Article Five of the U.S. Constitution provides two ways to amend that constitution.

The first is for Congress to propose amendments by a two-thirds vote in both the House and the Senate, and three quarters of the state legislatures approved. That’s the way all 27 amendments to the Constitution have been made so far.

The other way is for the legislatures of two-thirds of the states (34) to call a convention to propose amendments, which would also have to be ratified by three-fourths of the states (38).

That’s never been done. But 15 states have so far agreed to call for such a convention, to consider three subjects: First, to impose fiscal restraints on the federal government; second, to limit the power and jurisdiction of the federal government, and third, to limit the terms of office for its officials and for members of Congress. The idea is being promoted by Citizens for Self-Governance, a group with ties to the Tea Party movement.

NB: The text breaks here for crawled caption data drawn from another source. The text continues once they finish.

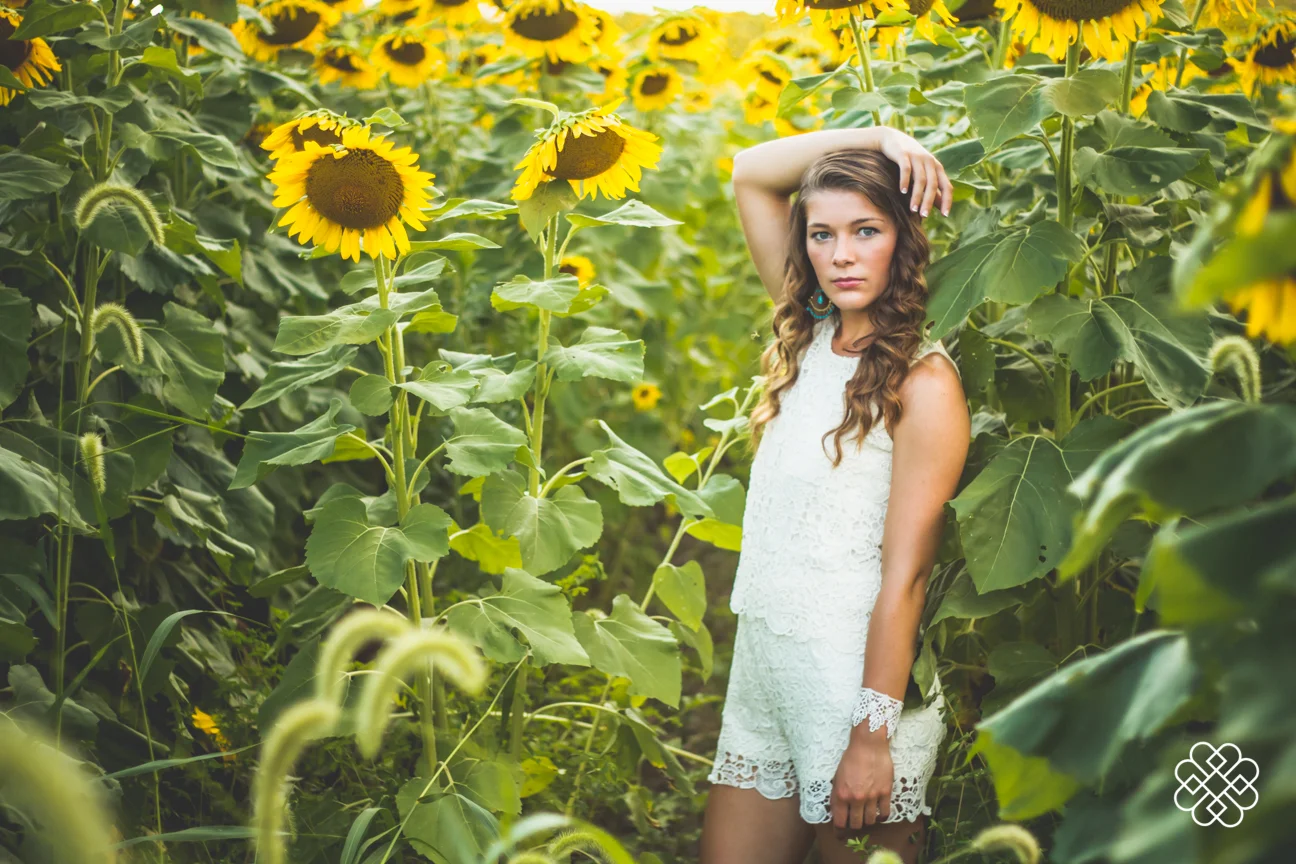 Sunflower Field + a Gorgeous Spokesmodel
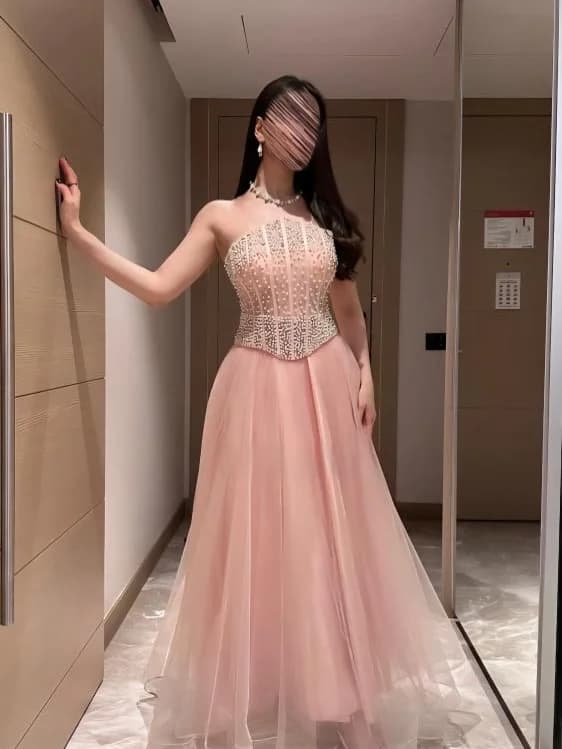Abiti da sera rosa Dubai Abito da ballo con perline pieghettate Abito da compleanno con strascico di corte senza maniche con perle bianche senza spalline Personalizzato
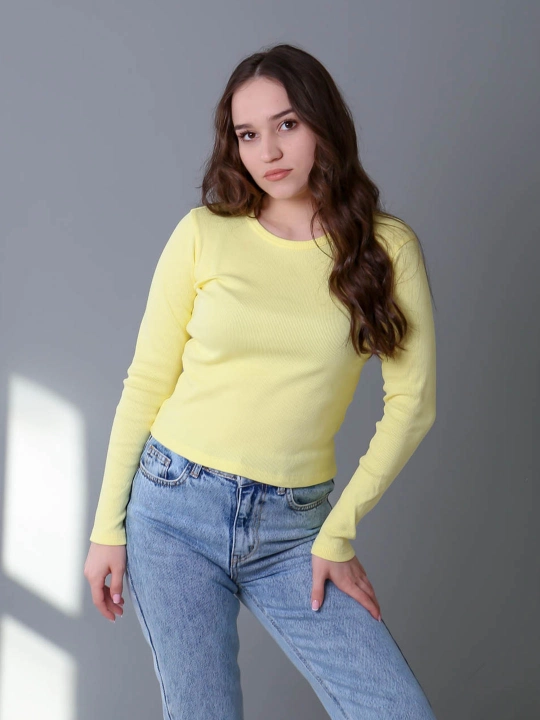 Лонгслив в рубчик с круглым вырезом, slim fit, 92% хлопок, яркие цвета, размеры S/M/L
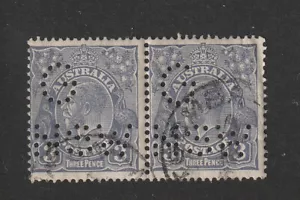 Australia 1932 KGV 3d Blue C of A Wmk Perforated G N.S.W. Joined pair. Fine Used - Bild 1 von 2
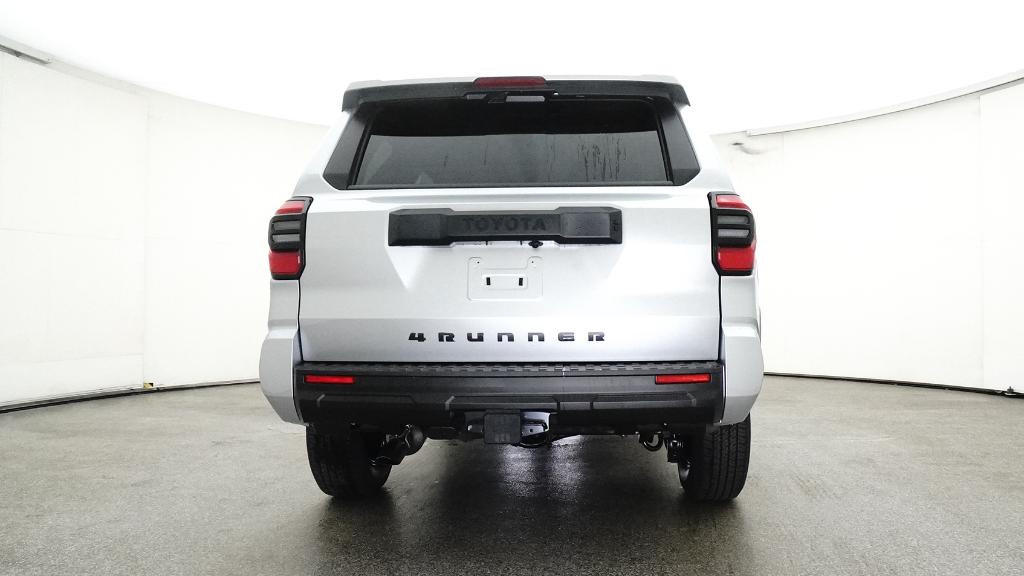 2025 Toyota 4Runner SR5 photo 17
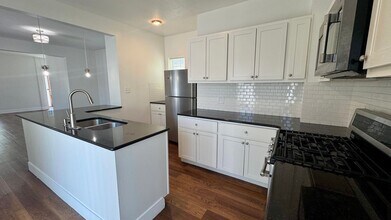 527 James Ave SE in Grand Rapids, MI - Building Photo - Building Photo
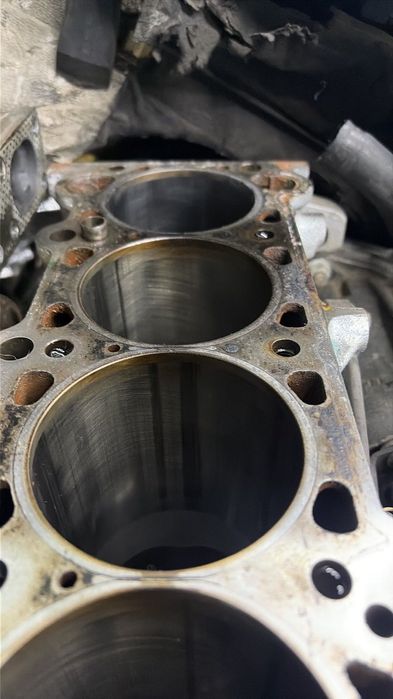 M50B25,M52B28,M54B30, глави,валове и др части.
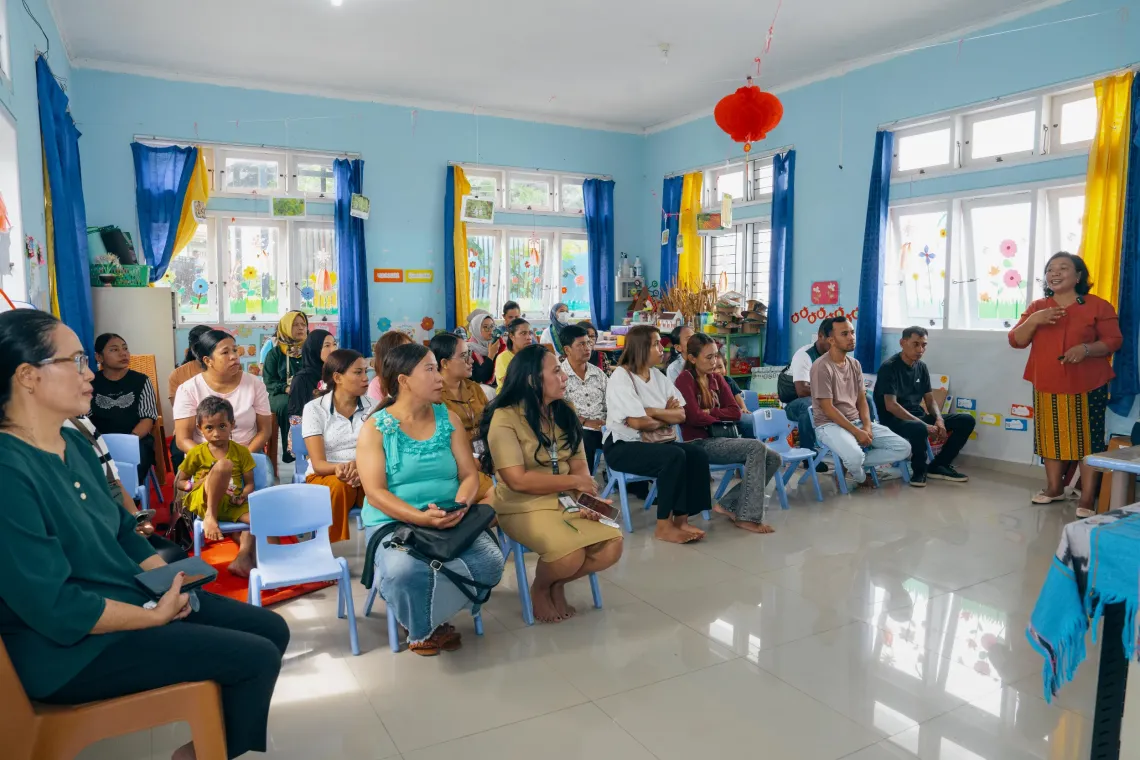 Parents learn how to prepare healthy meal together at the TKN Kelapa Lima Public Early Childhood Education (ECE) Centre, Kupang Municipality, East Nusa Tenggara, on 9 December 2025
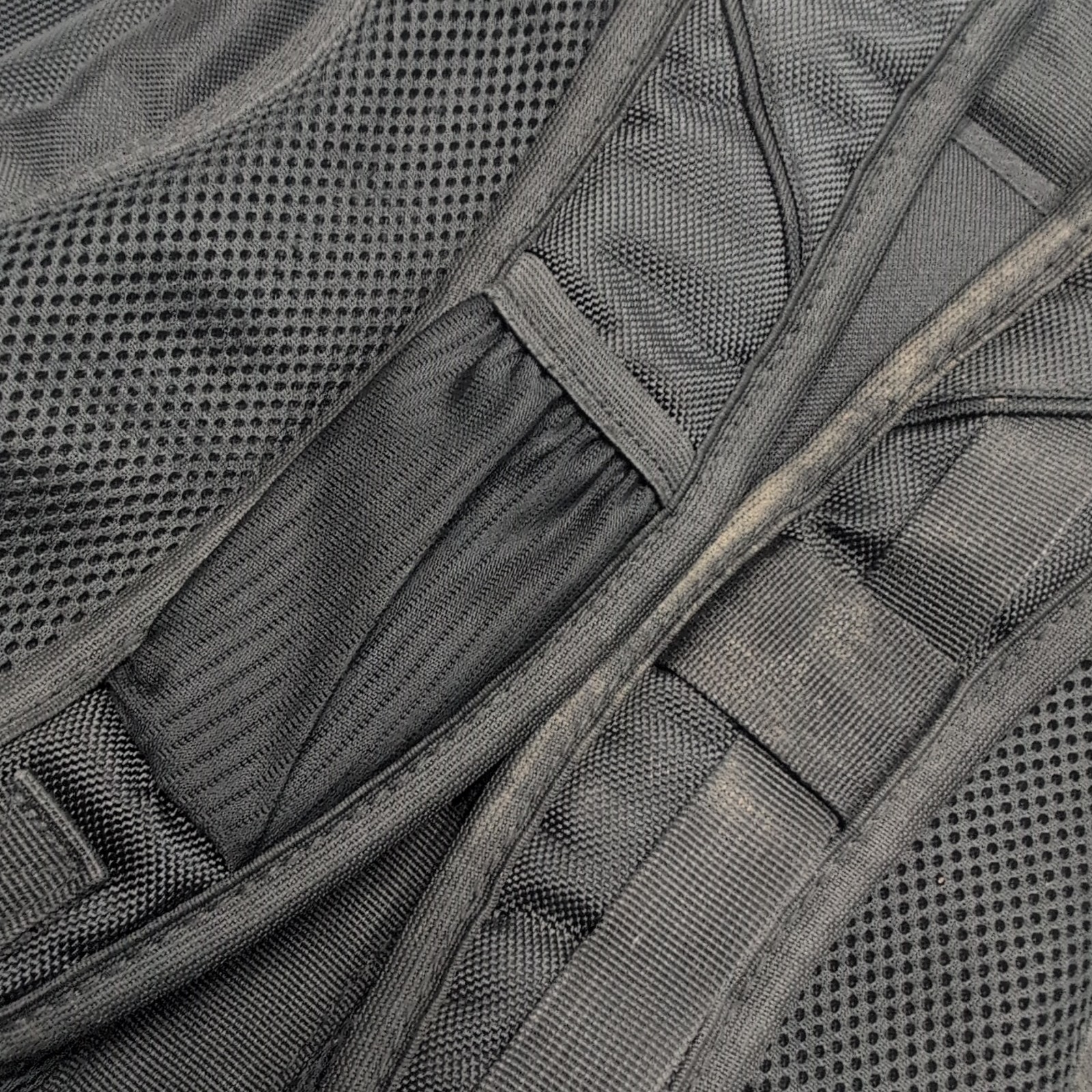 Kenneth Cole Reaction Large Black Backpack Zip Padded Adjustable Straps Pockets
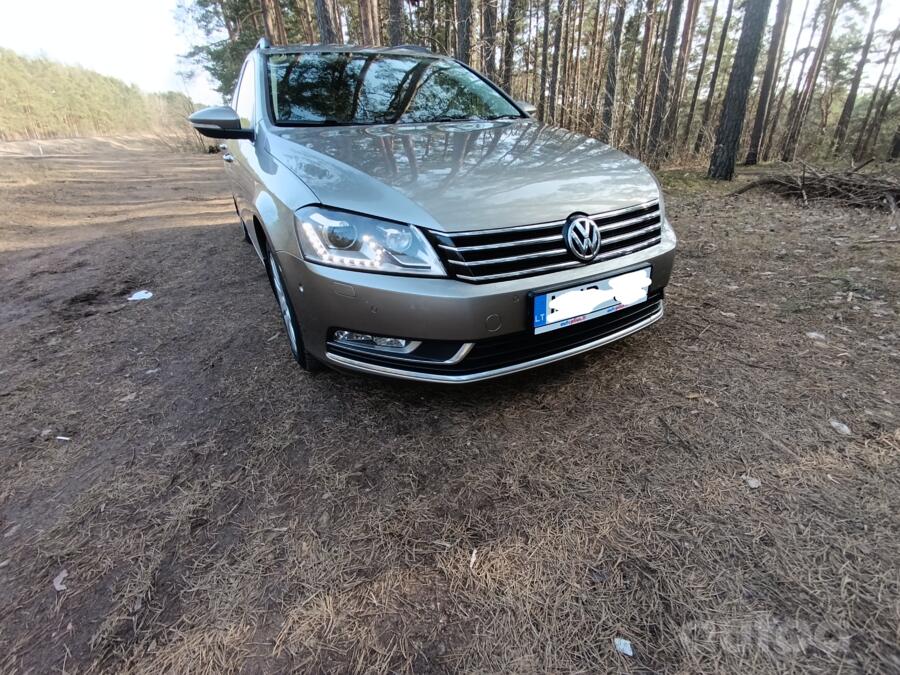 Volkswagen Passat B7 Variant wagon 5-doors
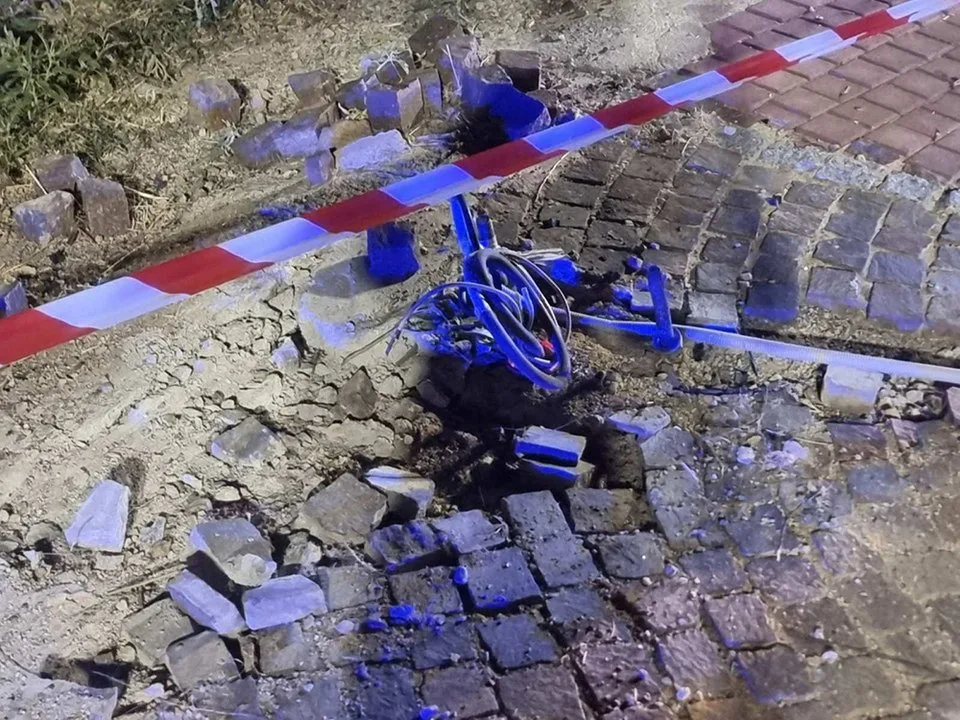 Τραγωδία στα Άνω Λιόσια: Νεκρή 17χρονη σε σφοδρή πρόσκρουση ΙΧ σε κολώνα Τραγωδία στα Άνω Λιόσια: Νεκρή 17χρονη σε σφοδρή πρόσκρουση ΙΧ σε κολώνα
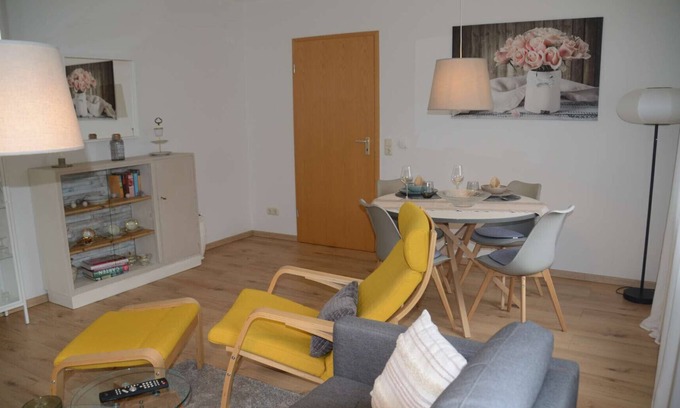 Bomighausen Apartamento | FeWo Luise - Cozy vacation apartment for 2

A proposal by Sen. Steve Halloran would have made Nebraska the 16th state to join in the call for a convention. But the proposal remains bottled up in the Government, Military and Veterans Affairs Committee.

Friday, Halloran tried to get the Legislature as a whole to pull the bill out of committee onto the legislative floor for debate. Sen. Tom Brewer supported Halloran’s move. Brewer, a retired 27-year Army veteran, said the issues are important.

“I hold the Constitution as dear as anyone. You don’t live the life I’ve lived and not have that the bedrock of what you do. So I’m not excited about changing it either except, I see no other path ahead. It’s great to say ‘well, something will come up. We’ll figure something out. It’ll work out.’ The truth is, we’re on a death spiral with our budgeting,” Brewer said.

Sen. Steve Erdman also supported a convention.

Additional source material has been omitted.